Bred by Haras de le Perelle, Alia’s Rose was well bought by Rabbah Bloodstock for just €90,000 as a yearling last year. She is, after all, a daughter of Ballylinch Stud’s Lope De Vega (Shamardal), and his fee the year that Alia’s Rose’s dam Quanzhou (Dubawi) was visiting him was €80,000. It is some 50% more now.

Quanzhou was good enough to be a listed winner, and one of six winners from her own stakes-placed dam Quezon Sun (Monsun).

Alia’s Rose is her sixth foal and fourth winner, and one of the others is her full-brother Hooking (Lope De Vega). Ironically he won for the fifth time in his career on the same card at Chantilly, and he has placed 14 times in 25 outings. He is no slouch, nor is he a star. Another of their siblings is twice a winner in Poland this year.

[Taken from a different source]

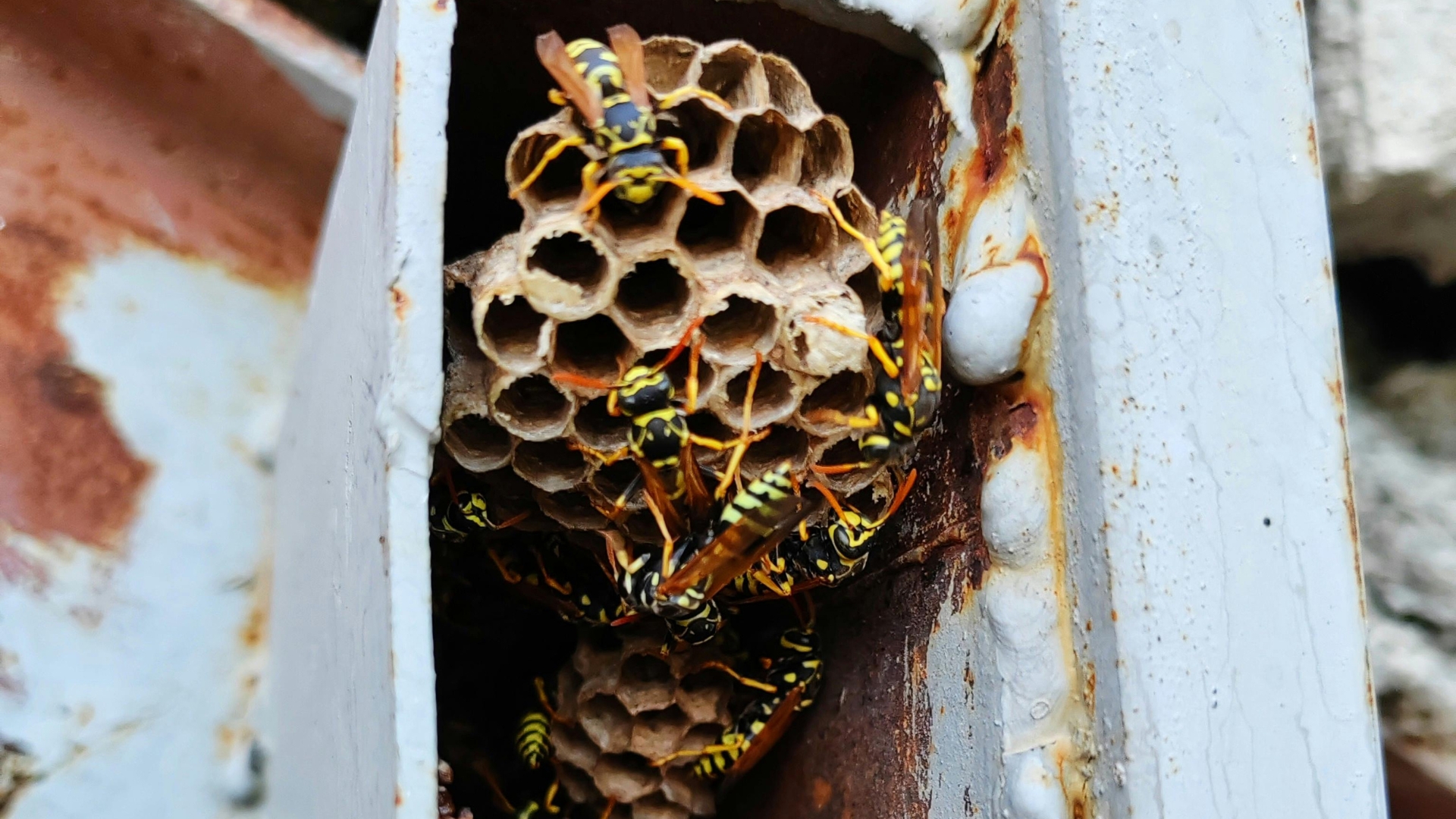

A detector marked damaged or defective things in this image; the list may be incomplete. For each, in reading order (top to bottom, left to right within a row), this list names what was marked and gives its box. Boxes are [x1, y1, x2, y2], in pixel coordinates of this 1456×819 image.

rust stain [0, 2, 339, 548]
orange rust streak [0, 2, 340, 548]
rusty metal surface [0, 0, 345, 810]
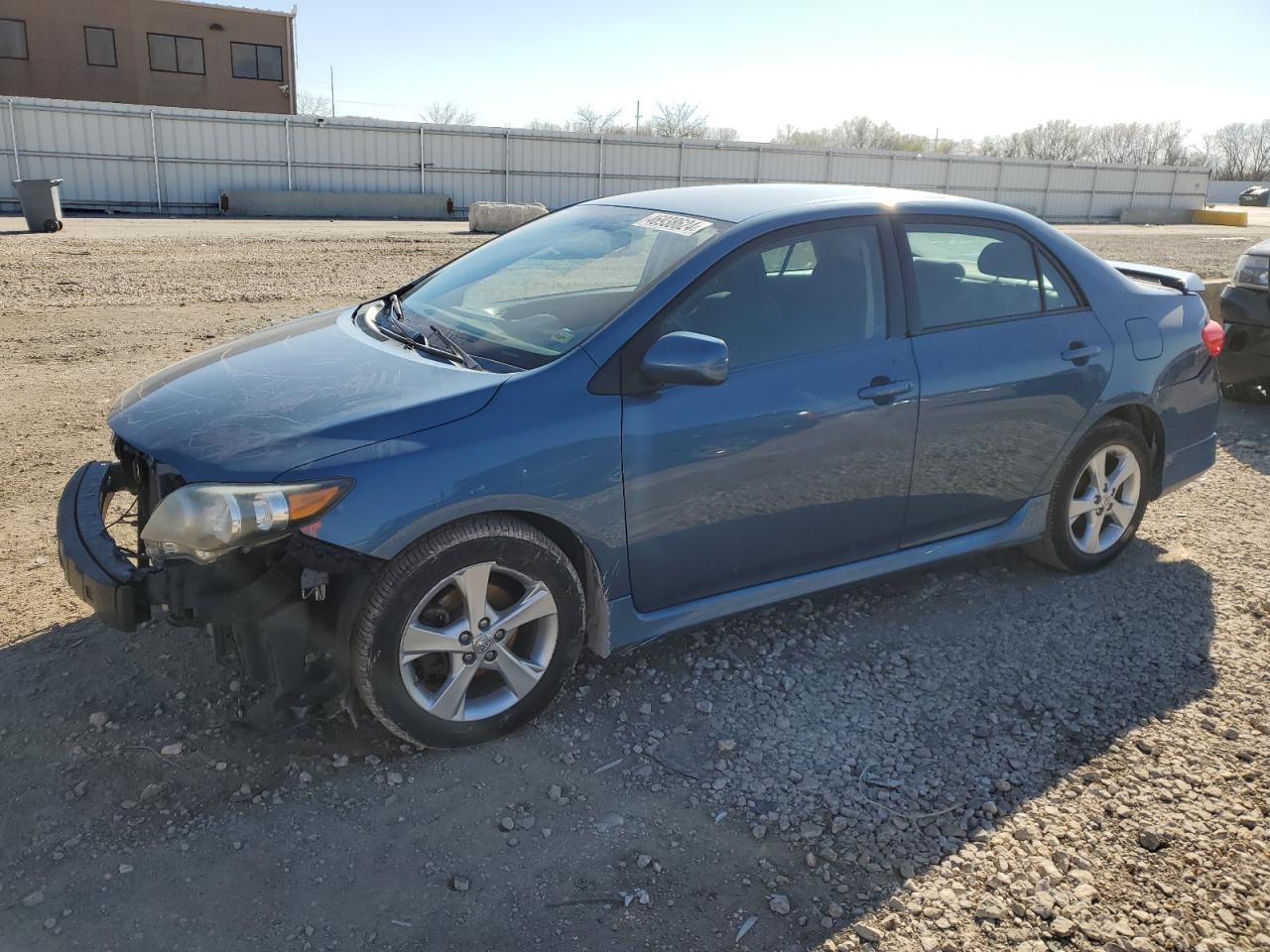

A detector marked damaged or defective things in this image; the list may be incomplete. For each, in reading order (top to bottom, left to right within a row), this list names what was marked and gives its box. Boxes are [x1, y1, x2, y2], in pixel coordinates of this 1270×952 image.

Perhaps Alia’s Rose is the one to bring some blacktype into the family, as too might her yearling half-sister by Wootton Bassett (Iffraaj). Quanzhou has certainly been given every opportunity at stud.

Dubawi visit

Why would Quezon Sun have been sent to Dubawi in the first place? Well, she had already bred a Group 1 winner, he being Mille Et Mille (Muhtathir). He was a popular stayer in France and won 11 races up to and including the age of 10 when he was successful at listed level. Mille Et Mille won the Prix du Cadran at the age of five, and he was runner-up too in the same event.

This is a solid, if unspectacular, German female line, with one of the standouts being Alia’s Rose’s third dam Quezon City (Law Society), Her three wins included a classic trial, she was runner-up in the Group 1 Deutschland Preis and the Group 2 Deutsches-German Derby.